Theorem 1 For any ${{\mathsf X}}$-valued random variable ${U}$ with distribution ${P_U}$, we have

$\displaystyle \mathop{\mathbb E}\left\{ \sum^T_{t=1} f_t(X_t) - \sum^T_{t=1} f_t(U)\right\} = \eta^{-1} \left( D(P_U \| P_0) - D(P_U \| P_T)\right) + \eta^{-1}\sum^T_{t=1} D(P_{t-1}\| P_t). \ \ \ \ \ (1)$

Proof: We begin by computing the divergence ${D(P_{t-1}\|P_t)}$:

$\displaystyle \begin{array}{rcl} D(P_{t-1}\| P_t) &=& \int_{\mathsf X} \log \frac{dP_{t-1}(x)}{dP_t} P_{t-1}(dx) \\ &=& \int_{\mathsf X} \log \frac{dP_{t-1}(x)}{dP_0} P_{t-1}(dx) - \int_{\mathsf X} \log \frac{dP_t(x)}{dP_0} P_{t-1}(dx) \\ &=& \int_{\mathsf X} \log \frac{e^{-\eta F_{t-1}(x)}}{Z_{t-1}} P_{t-1}(dx) - \int_{\mathsf X} \log \frac{e^{-\eta F_t(x)}}{Z_t} P_{t-1}(dx) \\ &=& \eta\ \mathop{\mathbb E}\left[F_t(X_t) - F_{t-1}(X_t) \right] + \log\frac{Z_t}{Z_{t-1}} \\ &=& \eta\ \mathop{\mathbb E} f_t(X_t) + \log\frac{Z_t}{Z_{t-1}}. \end{array}$

Hence,

$\displaystyle \mathop{\mathbb E} f_t(X_t) = \eta^{-1}\left(D(P_{t-1}\| P_t) - \log \frac{Z_t}{Z_{t-1}}\right).$

Summing from ${t=1}$ to ${t=T}$ and using the fact that ${Z_0 \equiv 1}$, we obtain

$\displaystyle \mathop{\mathbb E}\left\{ \sum^T_{t=1}f_t(X_t)\right\} = \eta^{-1}\left( \sum^T_{t=1} D(P_{t-1}\| P_t) - \log Z_T\right).$

Now let ${U}$ be a random variable with distribution ${P_U}$. Then

$\displaystyle \begin{array}{rcl} \mathop{\mathbb E}\left\{\sum^T_{t=1} f_t(U)\right\} &=& \mathop{\mathbb E} F_T(U) \\ &=& -\eta^{-1}\left( \int_{\mathsf X} \log \frac{dP_T(u)}{dP_0} P_U(du) + \log Z_T \right) \\ &=& -\eta^{-1}\left( \int_{\mathsf X} \log \frac{dP_T(u)}{dP_U} P_U(du) + \int_{\mathsf X} \log \frac{dP_U(u)}{dP_0} P_U(du) + \log Z_T \right) \\ &=& -\eta^{-1}\left( D(P_U \| P_0) - D(P_U \| P_T) + \log Z_T\right). \end{array}$

Collecting everything, we get (1). (Note that we only need to consider those ${P_U}$ that satisfy ${D(P_U \| P_0) < \infty}$, because then ${D(P_U \| P_t) < \infty}$ for every ${t}$.) $\Box$

If we assume more about the functions in ${{\mathcal F}}$, we can particularize the above result in various ways.

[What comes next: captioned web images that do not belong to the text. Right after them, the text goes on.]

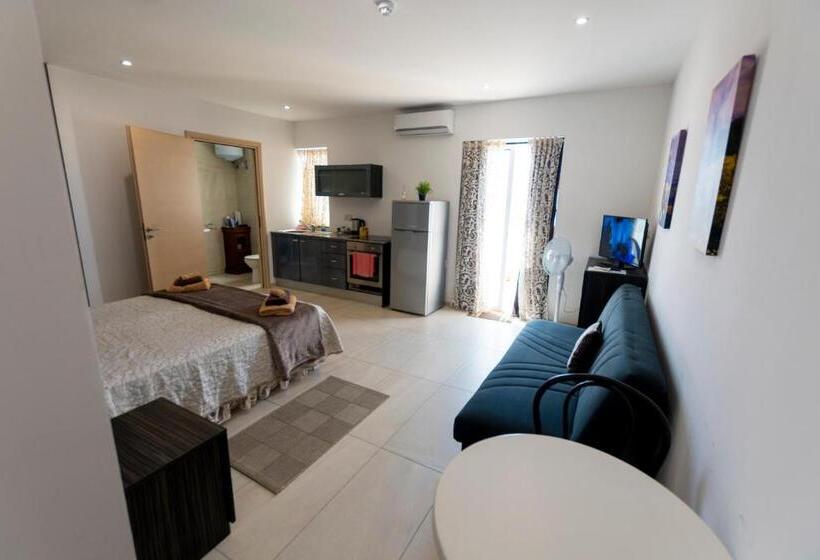 آپارتمان 1 خوابه با تراس, Estrella Lodging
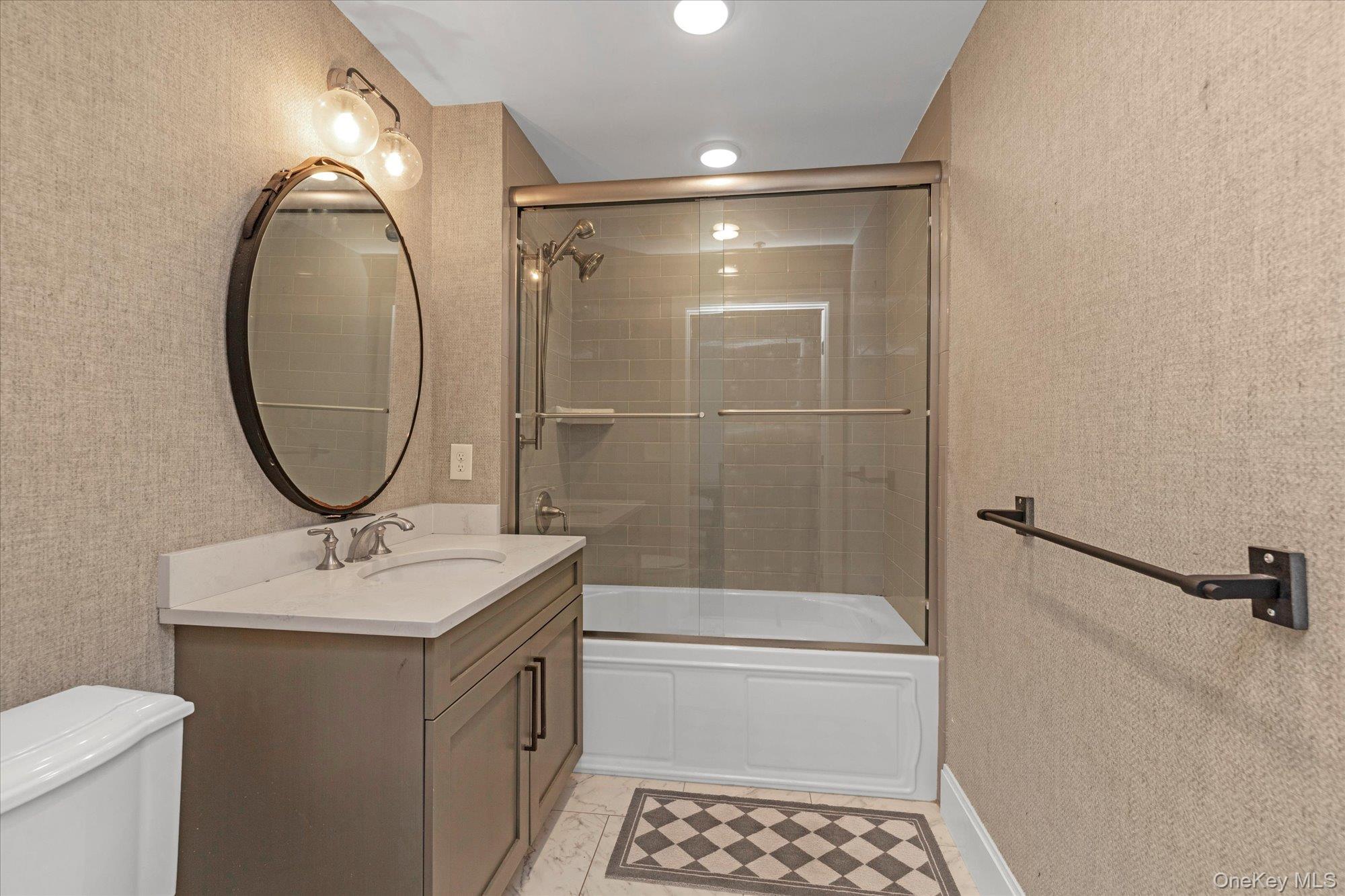 #13 photo, 214 Marina Pointe Drive, 롱 아일랜드 East Rockaway , NY 11518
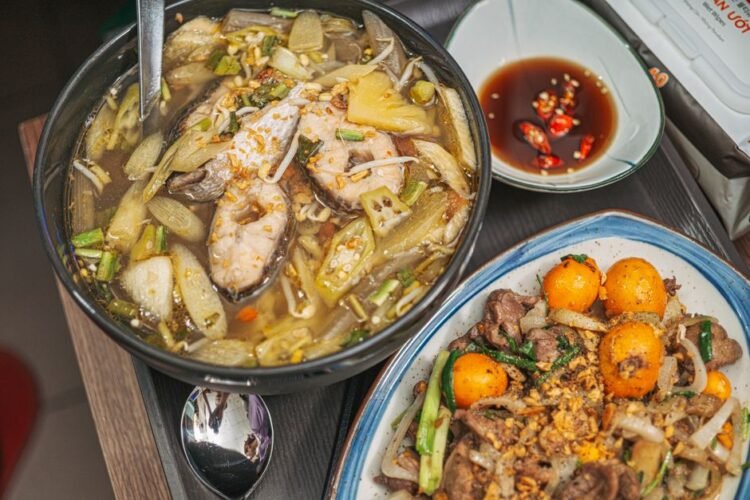 Angolan-Style White Fish and Cassava Soup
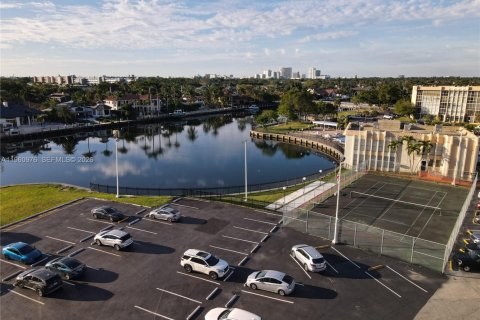 Купить кондоминиум в Халландейл-Бич, Флорида 2 спальни, 112.41м2, № 2025241 - фото 9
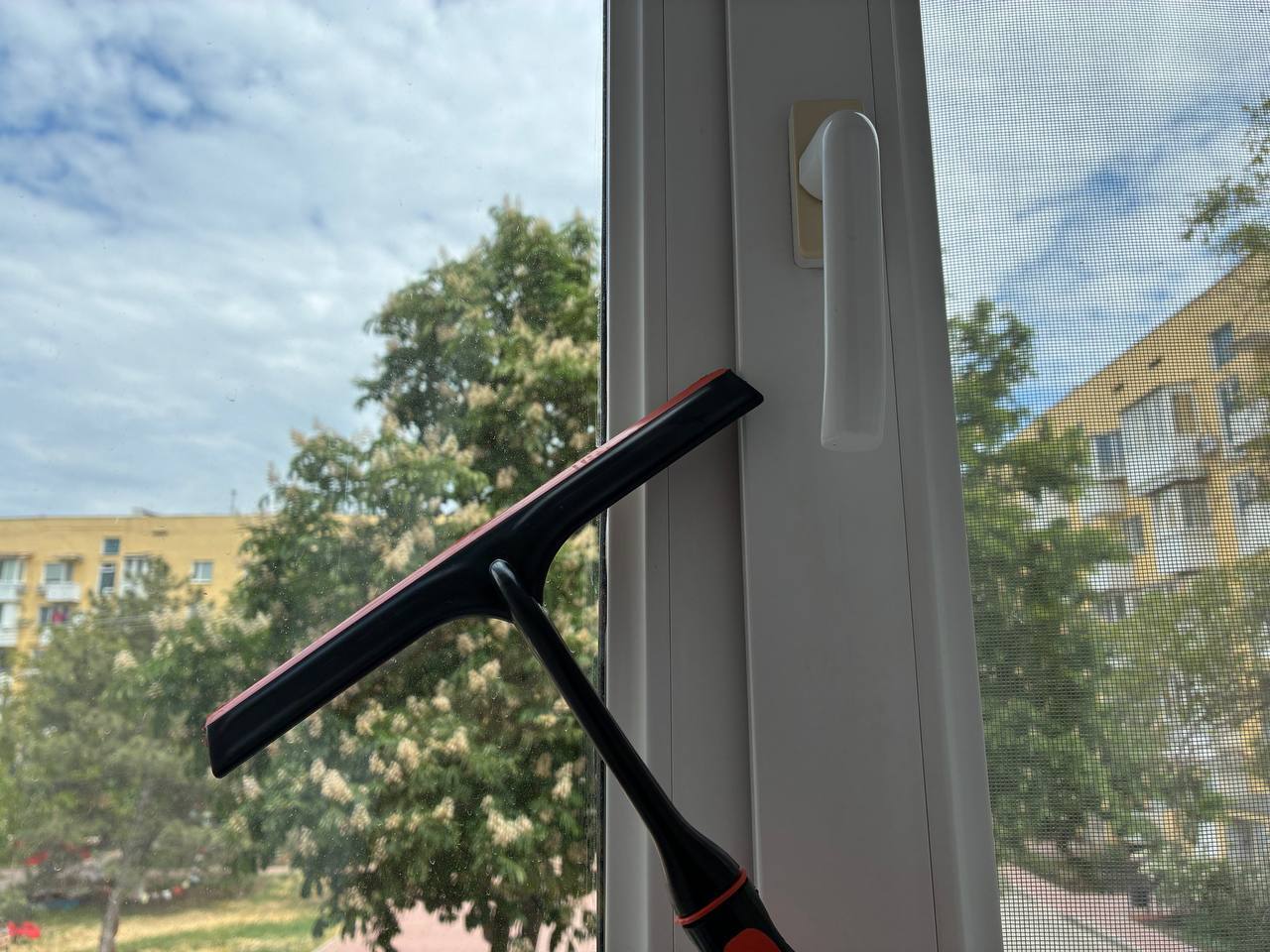 Фото до матеріалу: Чому на вікнах залишаються розводи: 3 головні помилки під час миття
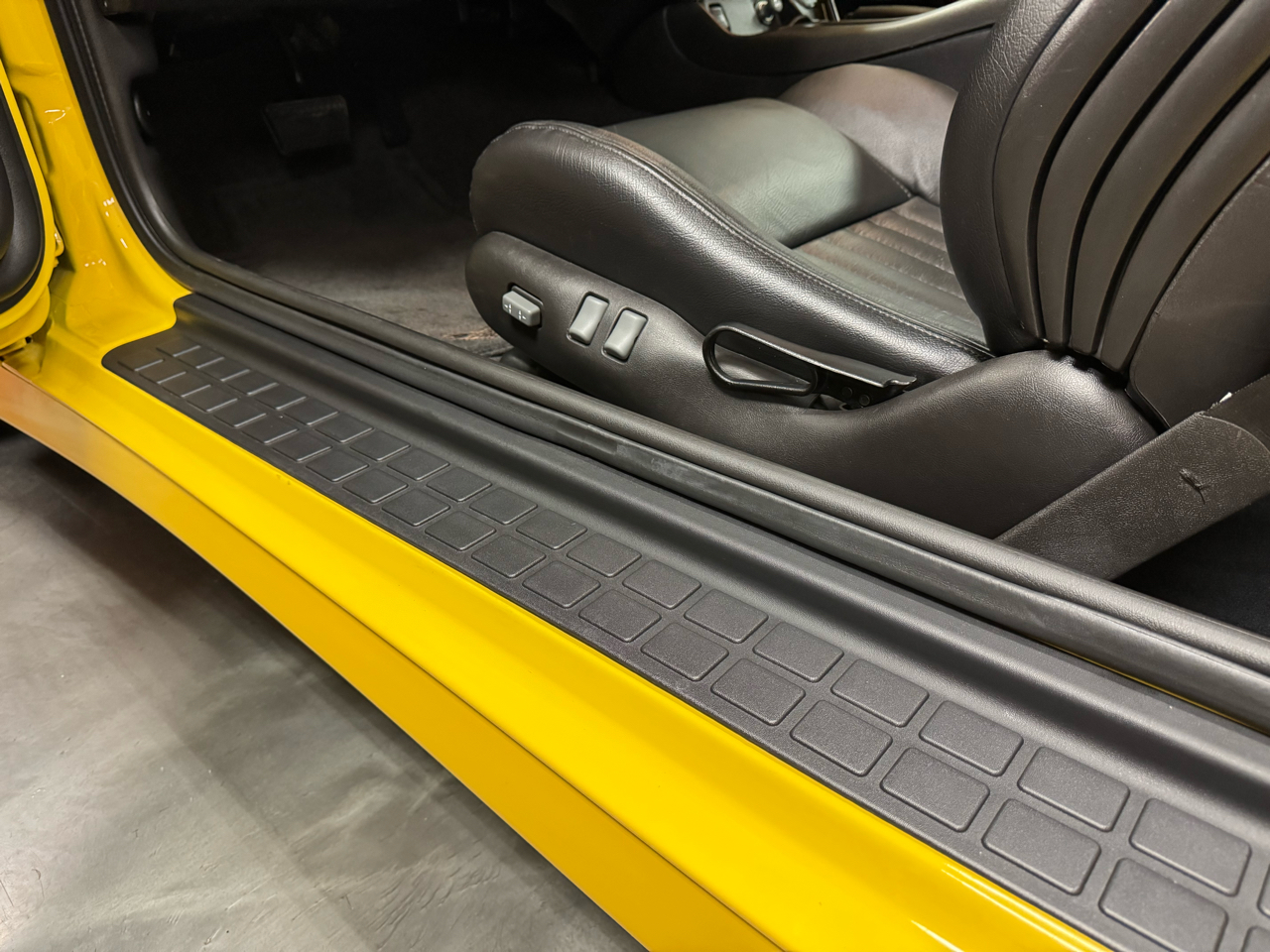 Pontiac Firebird Trans Am  2002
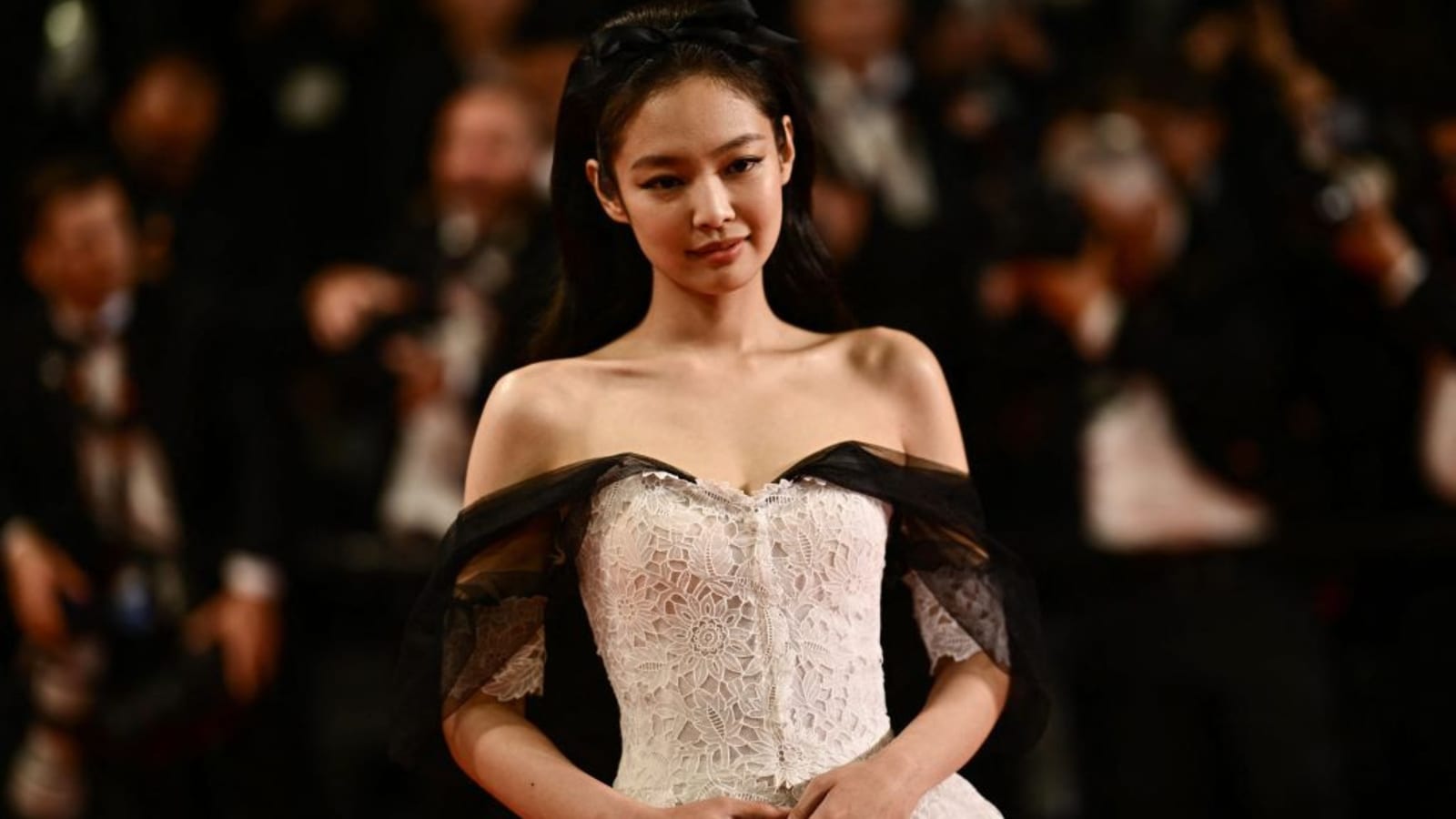 BLACKPINK&#39;s Jennie Releases &#39;Mantra&#39; MV Rehearsal Video; Fans Heap Praise on K-Pop Star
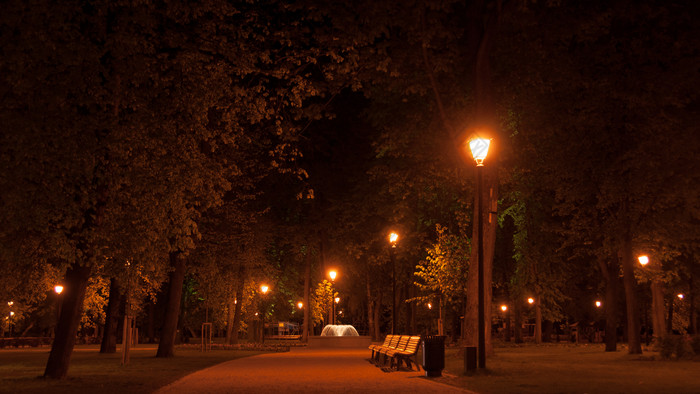 黑夜城市路灯建筑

For instance, here is what we get if the functions in ${{\mathcal F}}$ are nonnegative and bounded:

Theorem 2 If the functions in ${{\mathcal F}}$ are bounded between ${0}$ and ${1}$, then

$\displaystyle \mathop{\mathbb E}\left\{ \sum^T_{t=1} f_t(X_t) - \sum^T_{t=1} f_t(U)\right\} \le \eta^{-1} D(P_U \| P_0) + T\eta/8. \ \ \ \ \ (2)$

Proof: Let us inspect the divergence ${D(P_{t-1}\| P_t)}$:

$\displaystyle \begin{array}{rcl} D(P_{t-1}\|P_t) &=& \eta \mathop{\mathbb E} f_t(X_t) + \log\frac{Z_t}{Z_{t-1}} \\ &=& \eta \mathop{\mathbb E} f_t(X_t) + \log \frac{ \int_{\mathsf X} e^{-\eta F_t(x)}P_0(dx)}{Z_{t-1}} \\ &=& \eta \mathop{\mathbb E} f_t(X_t) + \log \frac{ \int_{\mathsf X} e^{-\eta f_t(x)} e^{-\eta F_{t-1}(x)}P_0(dx)}{Z_{t-1}} \\ &=& \eta \mathop{\mathbb E} f_t(X_t) + \log \mathop{\mathbb E} e^{-\eta f_t(X_{t})}. \end{array}$

Now we recall a nifty bound, due to Wassily Hoeffding (see, for example, Lemma 1 in these lecture notes by Gábor Lugosi): If ${Z}$ is a real-valued random variable such that ${a \le Z \le b}$ almost surely, then for any ${s \in {\mathbb R}}$ we have

$\displaystyle \log \mathop{\mathbb E} e^{sZ} \le s \mathop{\mathbb E} Z + \frac{s^2 (b-a)^2}{8}.$

We can apply this bound to ${Z = f_t(X_{t-1})}$ with ${s=-\eta}$, ${a = 0}$, and ${b = 1}$ to get

$\displaystyle \log \mathop{\mathbb E} e^{-\eta f_t(X_{t})} \le -\eta\ \mathop{\mathbb E} f_t(X_t) + \frac{\eta^2}{8}.$

Then the terms involving the expectation of ${f_t(X_t)}$ will cancel, and we will obtain

$\displaystyle D(P_{t-1}\|P_t) \le \frac{\eta^2}{8}.$

Summing over ${t}$ and using the fact that divergence is nonnegative, we obtain (2). $\Box$

If we know the horizon ${T}$ is advance and if we consider only those comparator distributions ${P_U}$, for which ${D(P_U \| P_0)}$ is bounded by some ${D < \infty}$, then we can optimize the choice of ${\eta}$: letting ${\eta = \sqrt{8D/T}}$, we will guarantee that the regret will be bounded by ${\sqrt{DT/2}}$. In other words, the per-round regret is ${O(1/\sqrt{T})}$. There are also various tricks that can be used when ${T}$ is not known in advance. Of course, sampling from these ${P_t}$‘s may be difficult, especially if ${{\mathsf X}}$ has large cardinality or is contained in a high-dimensional space. In fact, the paper by Hari and Sasha addresses the question of whether this can be done efficiently. They present an explicit strategy, based on a modified Metropolis–Hastings algorithm, that can be used to approximately sample from the ${P_t}$‘s in a computationally efficient manner.